Le dynamisme de notre politique étrangère passe également par le redéploiement de notre réseau diplomatique. Nous notons l’entrée de la Chine, de l’Inde et du Brésil parmi les dix postes diplomatiques français les plus importants, mais nous ne pouvons que constater qu’au 31 décembre 2013, l’ambassade de France au Maroc comptait 336 équivalents temps plein, soit plus que notre ambassade en Chine, qui en compte 311. De même, le Sénégal devançait largement le Brésil avec 208 équivalents temps plein, contre seulement 177. Des efforts restent donc à faire pour adapter les objectifs de notre politique étrangère aux enjeux d’aujourd’hui.

Ceux-ci ne relèvent pas seulement des domaines économique et politique. Il s’agit également pour la France de soutenir sa diplomatie culturelle et d’influence. À ce titre, le programme 185 affiche pour 2015 une progression de son budget de 2, 7 %, en raison de l’intégration des crédits destinés à Atout France. À périmètre constant, ses crédits diminuent en réalité de 1, 94 %, ce qui correspond pour l’essentiel à la baisse des dotations des opérateurs, conformément à la norme de 2 % de réduction fixée par le Gouvernement.

Les autres crédits bénéficient d’une évolution relativement favorable, notamment en ce qui concerne les crédits d’intervention en matière de politique culturelle, de promotion de la langue française ou de défense de l’attractivité de l’enseignement supérieur et de la recherche.

Je note plus particulièrement, pour la regretter, la baisse de 3, 36 % des crédits alloués à l’action Enjeux globaux, qui vise à renforcer la coordination internationale en matière d’environnement et à promouvoir la vision française et européenne d’une mondialisation mieux régulée.

Gardons à l’esprit que notre diplomatie culturelle est un atout majeur et qu’elle doit être renforcée, car elle concourt au rayonnement de la France au même titre que le tourisme.
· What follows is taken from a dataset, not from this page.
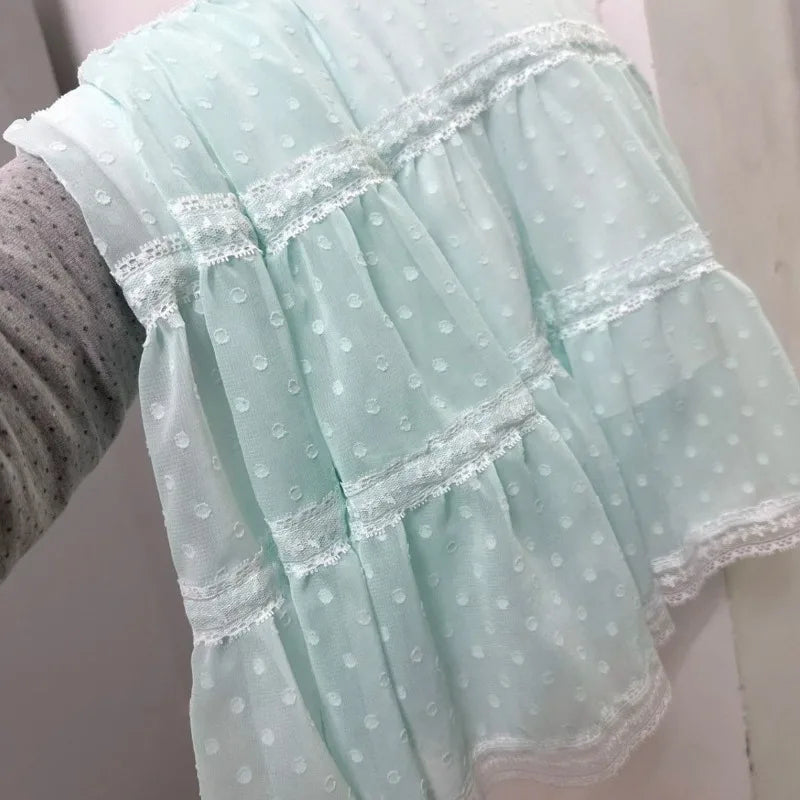 LIZAKOSHT  -  Korean Style Sweet Slim Fitting Skirt Cuteore Loose Polka Dot Women's Skirt Casual Fairy New Mid-length Puff Skirt Summer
À cet égard, je dirai quelques mots sur notre politique en matière de visas. Cette dernière tend souvent à compliquer, rallonger et retarder le délai de traitement des documents administratifs. Si l’on note une amélioration des procédures de délivrance de visas de court séjour, notamment à une augmentation, pour la troisième année consécutive, des effectifs, avec vingt-cinq emplois supplémentaires, un certain nombre de difficultés pratiques persistent toujours sur le terrain. Il est donc indispensable que les moyens alloués au programme 105, en tant que programme de soutien à l’ensemble du réseau consulaire, et au programme 151 soient préservés dans ce domaine.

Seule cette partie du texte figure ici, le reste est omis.